İstemin Özeti: Dar mükellef olan davacı kurumun, 1998 yılında elde ettiği vergisi tevkif yoluyla kesilmiş olan repo gelirlerinin muhtasar beyannameye ithalinin ihtiyari olduğu görüşüyle ihtirazi kayıtla verdiği beyanname üzerinden gelir (stopaj) vergisi ve fon payı tahakkuk ettirilmiştir.

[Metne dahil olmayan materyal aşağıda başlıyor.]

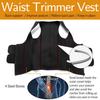 Men Waist Trainer Sweat Vest Corset Sauna Suit Slimming Body Shaper Workout Tank Tops Tummy Control Shapewear Compression Shirt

İstanbul 3. Vergi Mahkemesi 28.10.1999 günlü ve E: 1999/639, K: 1999/1221 sayılı kararıyla; 5422 sayılı Kurumlar Vergisi Kanununun 24. maddesinde dar mükellefiyete tabi kurumların ticari, zirai ve sair kazanç ve iratları dışında kalan kazanç ve iratları ile maddede sayılan kazanç ve iratların kurumlar vergisi tevkifatına tabi olduğunun hükme bağlandığı, aynı maddenin 5. fıkrasında, bu maddeye göre vergisi tevkif suretiyle alınan kazanç ve iratlar için 20 ve 22. maddelere göre beyanname verilmesi veya bu madde kapsamına girmeyen kazanç ve iratlar için verilecek beyannamelere mezkur kazanç ve iratların ithalinin ihtiyari olduğunun belirtildiği, anılan fıkranın parantez içi hükmünde de, Gelir Vergisi Kanununun 75. maddesinin ikinci fıkrasının 5 ve 7 numaralı bentlerinde yer alan menkul sermaye iratları ile yatırım fonları ve ortaklıklarının katılma belgeleri ve hisse senetlerinden elde edilen kar paylarının verilecek beyannamelere dahil edilmesinin zorunlu olduğu kuralına yer verildiği, reponun ise Gelir Vergisi Kanununun 75. maddesinin ikinci fıkrasının 14 numaralı bendinde düzenlendiği, Kanun koyucunun repo gelirleri ile Gelir Vergisi Kanununun 75. maddesinin 2. fıkrasının 5 ve 7. bendlerindeki menkul sermaye iratlarını ayrı ayrı nitelendirdiği, repo gelirlerinin, Kurumlar Vergisi Kanununun 24. maddesinin 5. fıkrasının parantez içi hükmünde yer alan beyannameye ithali zorunlu kazanç ve iratlardan sayılmadığı, bu durumda, davacı kurumun ihtirazi kaydı kabul edilmeyerek yapılan tahakkukta yasal isabet bulunmadığı gerekçesiyle tahakkuku kaldırmıştır.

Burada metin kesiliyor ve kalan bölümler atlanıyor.